VIII You hereby covenant, warrant and agree, in consideration of this Agreement and the compensation and other benefits provided for herein, you will not, during the period of your employment hereunder or at any time thereafter, directly or indirectly divulge, use, furnish, disclose or make available to anyone any Confidential Information, except as may be necessary for you to communicate on a “need to know” basis in the ordinary course of performing your duties as an employee, executive and officer of the Company with other employees, consultants, independent contractors, and business partners of the Company who are bound by confidentiality obligations similar to those set forth in this Agreement. For purposes of this Agreement, “Confidential Information” shall mean any and all information, data and knowledge that (a) has been created, discovered, developed or otherwise become known to the Company (including, without limitation, information, data and knowledge created, discovered, developed, or made known by Employee during the period of or arising out of his employment by the Company) or in which property rights have been assigned or otherwise conveyed to the Company, which information, data or knowledge has commercial value in the business in which the Company is engaged, except such information, data or knowledge as is or becomes known to the public without violation of the terms of this Agreement, or (b) arises out of or relates to the business affairs of the Company (including without limitation, any information which the Company considers to be privileged). By way of illustration, but not limitation, Confidential Information includes financial information, referral source information, product information, supply and service information, marketing information, data compilations, source code, personnel information, customer information, trade secrets, business and customer links and relations, customer lists, contact lists or information, processes, know-how, improvements, discoveries, developments, designs, inventions, training methods, sales techniques, marketing plans, strategies, forecasts, new products, unpublished financial statements or parts thereof, budgets,


projections, licenses, prices, costs, and employee, customer and supplier lists or parts thereof; terms of supply or service contracts, terms of agreements between customers and the Company and any information relating to the business affairs of the Company, in whatever form maintained. You further acknowledge that such Confidential Information would inevitably be disclosed were he to become employed by, engaged by or otherwise provide competitive services to a competitor of the Company.
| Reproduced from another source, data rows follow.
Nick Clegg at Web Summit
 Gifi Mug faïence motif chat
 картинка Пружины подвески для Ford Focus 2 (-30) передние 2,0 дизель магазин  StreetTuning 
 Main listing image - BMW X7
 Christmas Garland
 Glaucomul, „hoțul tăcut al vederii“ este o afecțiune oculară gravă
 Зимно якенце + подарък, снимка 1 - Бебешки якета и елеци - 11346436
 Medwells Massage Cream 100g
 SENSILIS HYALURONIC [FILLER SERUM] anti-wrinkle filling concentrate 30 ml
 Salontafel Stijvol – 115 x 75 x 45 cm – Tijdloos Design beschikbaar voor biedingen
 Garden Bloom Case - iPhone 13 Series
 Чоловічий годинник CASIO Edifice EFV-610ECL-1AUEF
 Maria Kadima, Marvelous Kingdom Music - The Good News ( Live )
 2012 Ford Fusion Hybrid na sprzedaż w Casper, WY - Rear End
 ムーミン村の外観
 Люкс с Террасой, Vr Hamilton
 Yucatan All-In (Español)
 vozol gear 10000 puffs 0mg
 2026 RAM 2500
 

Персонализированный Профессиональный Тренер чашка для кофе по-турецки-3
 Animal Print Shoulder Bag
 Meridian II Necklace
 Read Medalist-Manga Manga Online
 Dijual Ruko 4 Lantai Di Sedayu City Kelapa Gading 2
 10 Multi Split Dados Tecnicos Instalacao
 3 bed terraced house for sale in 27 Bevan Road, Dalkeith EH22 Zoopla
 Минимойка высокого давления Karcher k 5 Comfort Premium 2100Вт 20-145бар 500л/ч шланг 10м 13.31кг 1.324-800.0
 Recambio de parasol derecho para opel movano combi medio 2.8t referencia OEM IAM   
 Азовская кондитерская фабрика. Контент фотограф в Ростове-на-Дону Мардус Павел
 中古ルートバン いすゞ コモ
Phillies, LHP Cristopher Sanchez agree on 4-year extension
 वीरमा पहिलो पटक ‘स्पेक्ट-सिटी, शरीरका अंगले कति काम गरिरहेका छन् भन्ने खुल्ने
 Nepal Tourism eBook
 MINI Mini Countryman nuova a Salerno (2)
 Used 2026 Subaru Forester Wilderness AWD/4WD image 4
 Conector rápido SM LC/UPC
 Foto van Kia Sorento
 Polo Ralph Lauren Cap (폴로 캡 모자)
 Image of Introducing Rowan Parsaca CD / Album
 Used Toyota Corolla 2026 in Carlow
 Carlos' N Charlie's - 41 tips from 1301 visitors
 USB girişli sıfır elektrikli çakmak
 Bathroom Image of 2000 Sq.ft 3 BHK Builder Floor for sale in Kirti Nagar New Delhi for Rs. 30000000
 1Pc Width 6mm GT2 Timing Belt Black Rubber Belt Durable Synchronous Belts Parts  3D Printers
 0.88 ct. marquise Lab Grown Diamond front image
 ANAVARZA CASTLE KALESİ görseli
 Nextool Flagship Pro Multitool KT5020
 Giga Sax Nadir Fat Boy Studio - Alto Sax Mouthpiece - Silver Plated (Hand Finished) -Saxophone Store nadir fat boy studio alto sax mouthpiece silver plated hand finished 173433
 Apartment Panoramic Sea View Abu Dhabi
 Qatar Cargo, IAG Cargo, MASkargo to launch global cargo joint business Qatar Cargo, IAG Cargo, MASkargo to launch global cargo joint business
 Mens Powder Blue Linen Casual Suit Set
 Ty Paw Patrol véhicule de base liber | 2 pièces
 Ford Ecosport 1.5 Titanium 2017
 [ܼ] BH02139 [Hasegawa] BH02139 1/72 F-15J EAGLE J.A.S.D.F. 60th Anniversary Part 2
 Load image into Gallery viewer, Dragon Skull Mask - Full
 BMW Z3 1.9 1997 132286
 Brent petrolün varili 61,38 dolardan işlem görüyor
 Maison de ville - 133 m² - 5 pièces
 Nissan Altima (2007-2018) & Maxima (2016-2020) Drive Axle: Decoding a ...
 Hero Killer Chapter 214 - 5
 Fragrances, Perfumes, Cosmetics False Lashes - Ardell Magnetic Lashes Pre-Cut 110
IX You covenant and agree, that for a period of eighteen (18) months following termination of your employment with the Company, whether such termination is voluntary or involuntary, you will not, directly or indirectly, on your own behalf or on behalf of another person or entity, (a) be engaged in any business (as a principal, partner, director, officer, agent, employee, consultant or otherwise), or be financially interested in any entity or company, that provides or performs any services that directly compete with the Company, (b) hire or engage, or attempt to hire or engage, on behalf of yourself or any other person or entity, any person that is or was a current employee, consultant or representative of the Company at any time within the prior twelve (12) month period, or (c) intentionally or knowingly suggest, assist in or influence a distributor, source, supplier, customer, client or contractor of the Company within the prior twelve (12) month period to sever his, her or its business relationship with, decrease in any material or substantial respect its activity with, or intentionally or knowingly do anything (whether by act of commission or omission) which would be adverse in any material or substantial respect to the interests of the Company. This provision shall survive the termination of your employment with the Company.

X In the event of the breach of Paragraphs 8 or 9 this Agreement by you, the Company shall have the right and remedy to have the provisions of such Paragraphs 8 or 9 specifically enforced by way of injunctive relief by any court having jurisdiction, without the posting of any bond or security by the Company, it being acknowledged and agreed by you that any such breach will cause irreparable injury to the Company and that money damages will not provide an adequate remedy to the Company. Such right and remedy shall be in addition to, and not in lieu of, any other rights and remedies available to the Company under law or in equity. Further, should the Company commence an action for injunctive relief, the Company shall have the right in the same proceeding and court to seek and obtain money damages caused by such breach.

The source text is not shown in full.